Problem details
Return verbatim all lines from the first one in the records to the line with "公寓 Modernes Apartment", both ends kept.

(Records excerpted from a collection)
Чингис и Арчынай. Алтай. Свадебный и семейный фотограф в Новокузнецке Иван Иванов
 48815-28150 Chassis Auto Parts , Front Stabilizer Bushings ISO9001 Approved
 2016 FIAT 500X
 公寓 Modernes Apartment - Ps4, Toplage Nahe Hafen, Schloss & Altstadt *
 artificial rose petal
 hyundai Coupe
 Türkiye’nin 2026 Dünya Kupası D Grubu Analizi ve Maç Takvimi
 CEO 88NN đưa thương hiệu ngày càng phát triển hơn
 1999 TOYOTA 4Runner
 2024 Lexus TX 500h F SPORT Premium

Exercise solution
Чингис и Арчынай. Алтай. Свадебный и семейный фотограф в Новокузнецке Иван Иванов
 48815-28150 Chassis Auto Parts , Front Stabilizer Bushings ISO9001 Approved
 2016 FIAT 500X
 公寓 Modernes Apartment - Ps4, Toplage Nahe Hafen, Schloss & Altstadt *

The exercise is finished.